[cryptography] Non-governmental exploitation of crypto flaws?

Jon Callas jon at callas.org
Wed Nov 30 18:04:42 EST 2011


On Nov 29, 2011, at 8:33 PM, Ilya Levin wrote:

> On Tue, Nov 29, 2011 at 5:52 PM, Jon Callas <jon at callas.org> wrote:
> 
>> But the other one is Drew Gross's observation. If you think like an attacker, then you're a fool to worry about the crypto.
> 
> While generally true, this is kind of an overstatement. I'd say that
> if you think like an attacker then crypto must be the least of your
> worries.  But you still must worry about it.
> 
> I've seen real life systems were broken because of crypto combined
> with other thins. Well, I broke couple of these in old days (whitehat
> legal stuff)
> 
> For example, the Internet banking service of the bank I would not name
> here was compromised during a blind remote intrusion simulating
> exercise because of successful known plaintext attack on DES. Short
> DES keys together with key derivation quirks and access to ciphertext
> made the attack very practical and very effective.
> 
> Again, I'm not arguing with Drew Gross's observation. It is just a bit
> extreme to say it like this.

Let me try to restate what I was saying, because I think the point is getting lost in the words.

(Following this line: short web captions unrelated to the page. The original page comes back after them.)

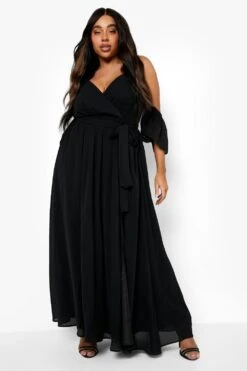 Plus Schulterfreies Chiffon-Maxikleid -Stil Formen Verkäufe gzz01797 black xl 2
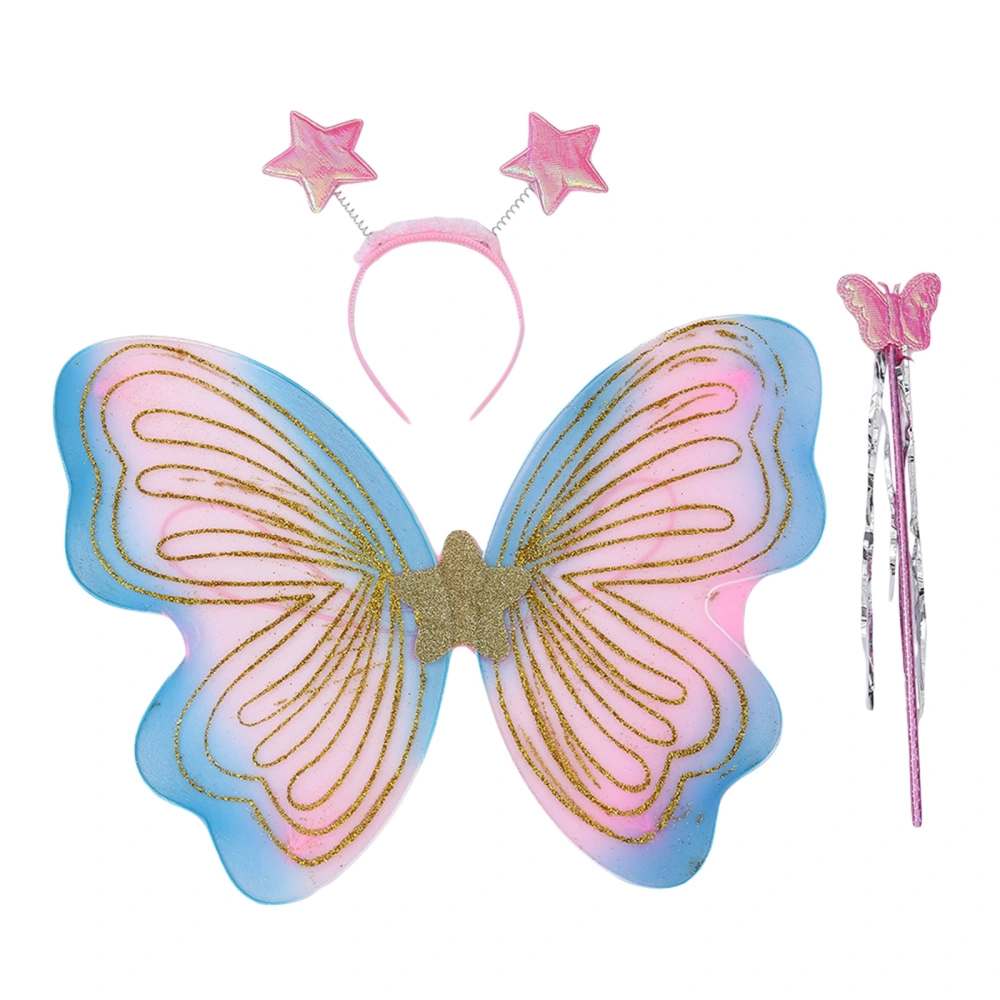 Kids Butterfly Wing Set Cosplay Wings with Fairy Wand and Headband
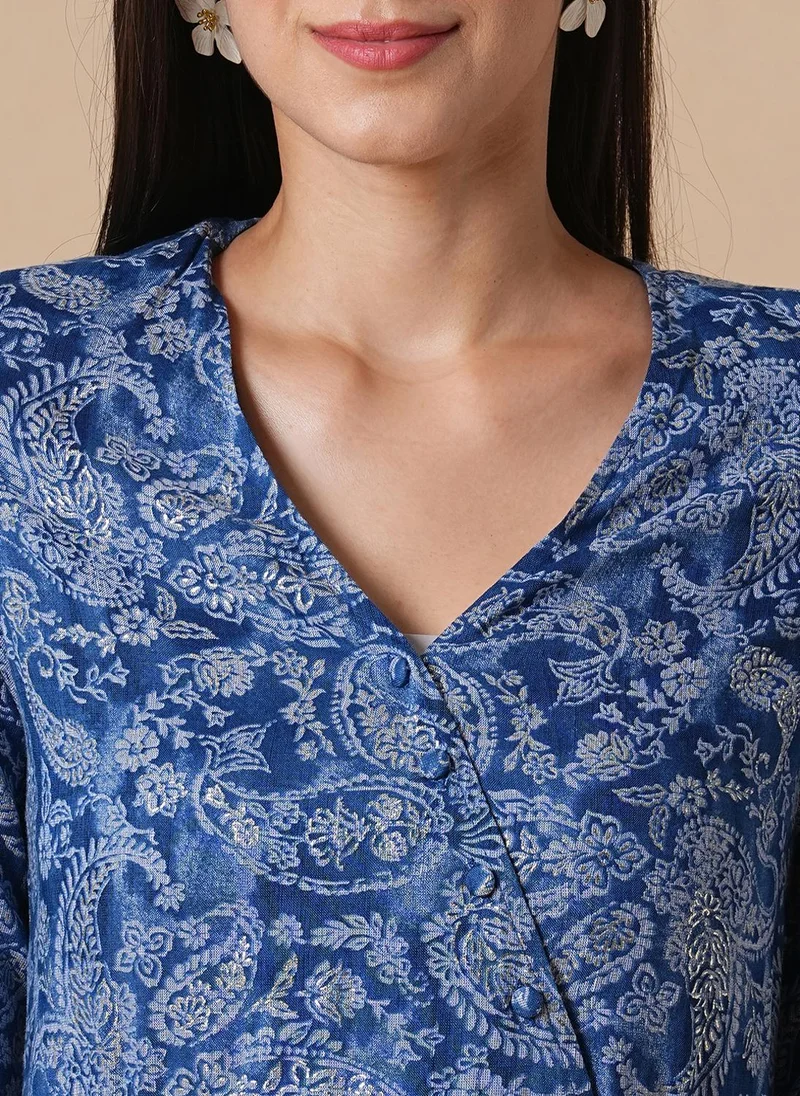 globus Globus Women Floral Printed A-Line Asymmetric Midi Dress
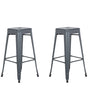 Set of 2 Bar Stools Grey Steel 76 cm Stackable Counter Height Industrial Beliani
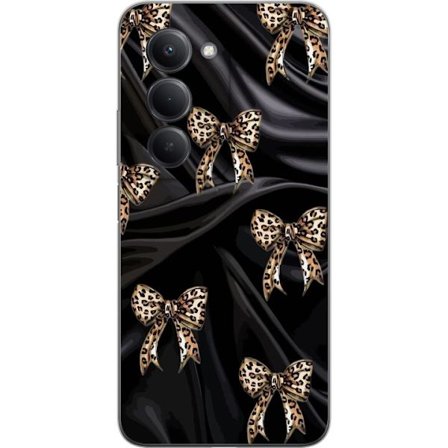 Kompatibelt Mobildeksel til Xiaomi Redmi 15 5G Leopardmønstrede sløyfer på svart silkebakgrunn, luksuriøst mønster med glamour, eksklusiv stil og tren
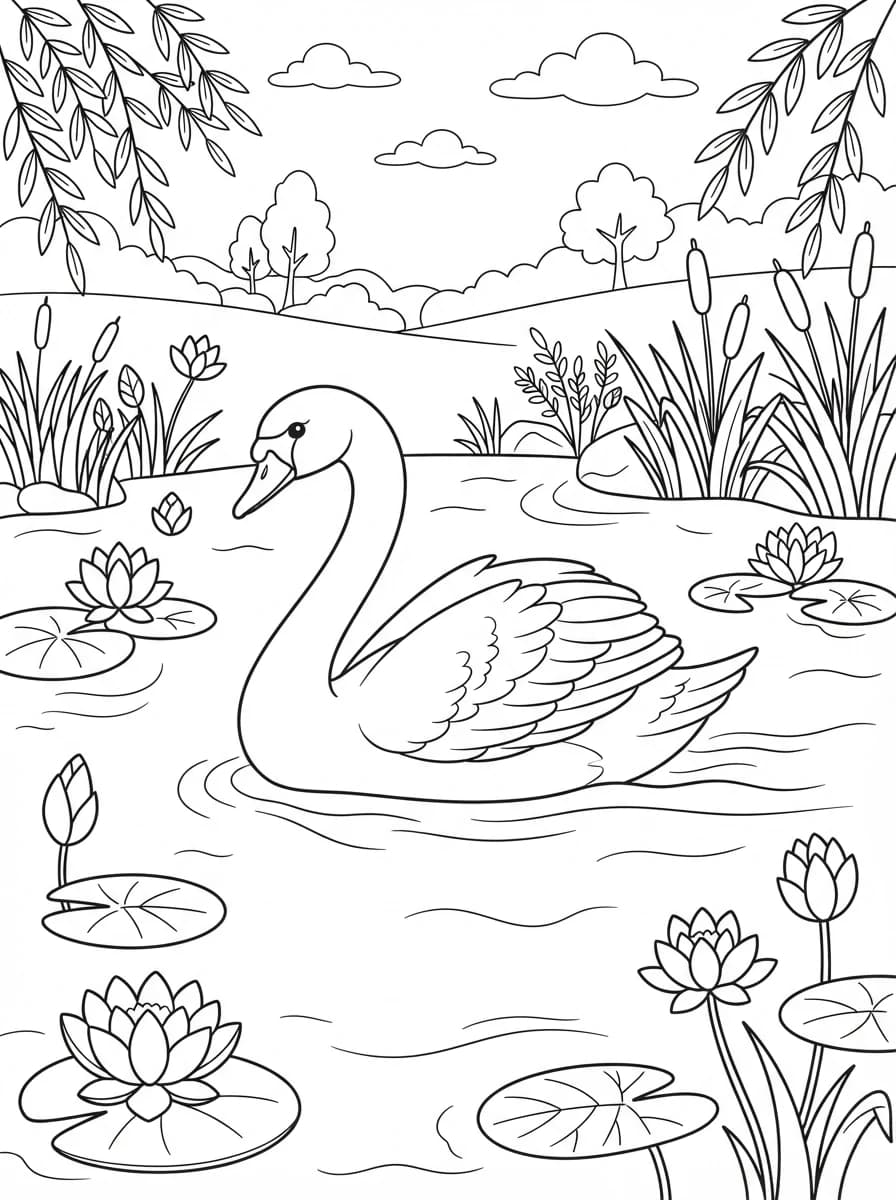 Coloriage Cygne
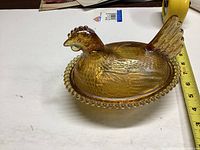 Top side view of iridescent hen on nest glass dish with measuring tape nearby showing size about 8 inches long.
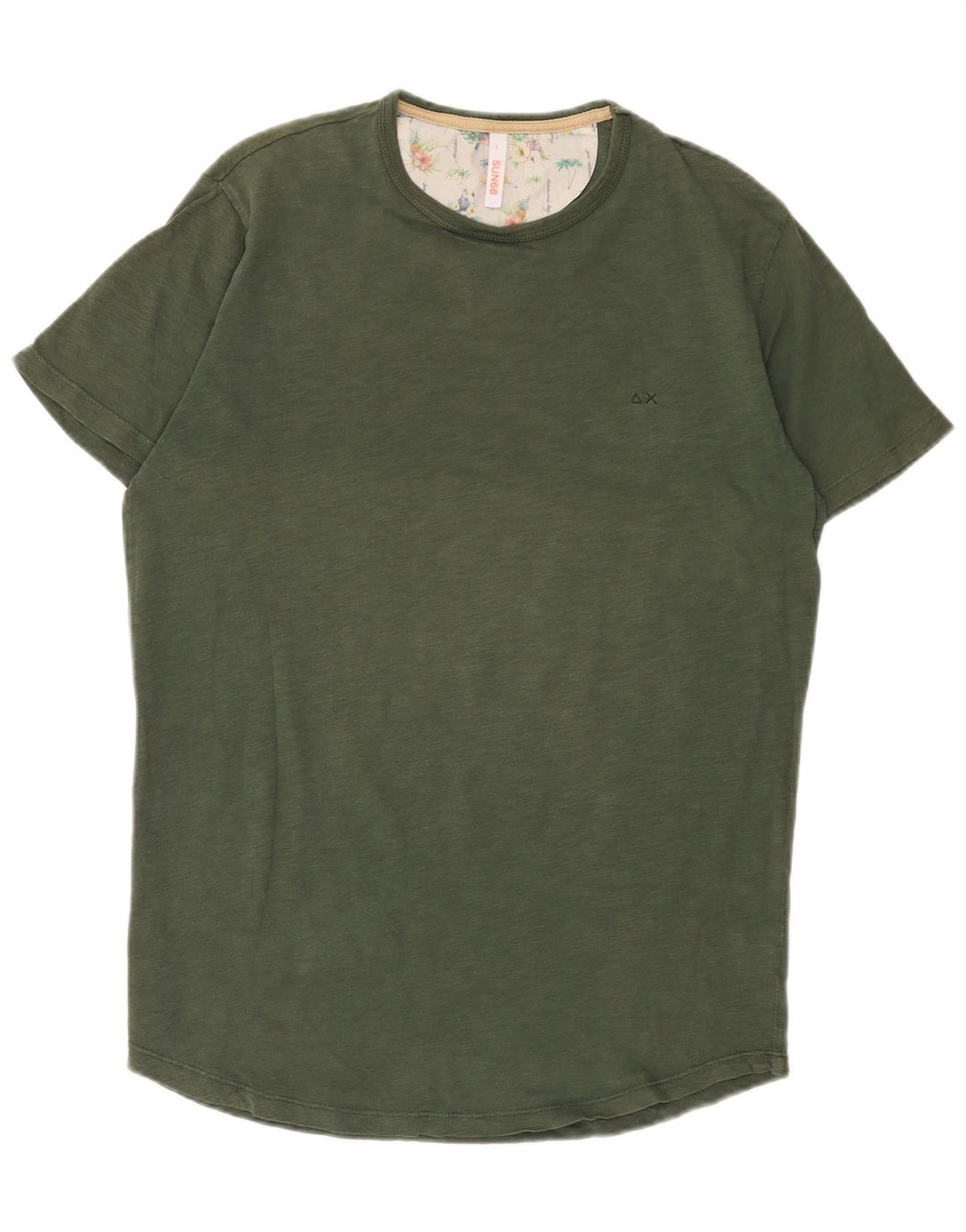 Sun68 Herre T-Shirt Top Stor Khaki Bomuld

If I were an attacker who wanted to compromise your computers, I would not attack your crypto. I would attack your software. Even if what I wanted to do was ultimately to get to your crypto, I wouldn't mount a cryptanalytical attack, I'd attack your system. That's it.

We are seeing this in the real world now. The targeted malware that the German government has to compromise Skype is not cryptanalysis, it is a systems-level attack that then gets at the crypto.

Robert Morris gave the famous advice, "first, check for plaintext." I'm just saying that checking first for Flash today's equivalent.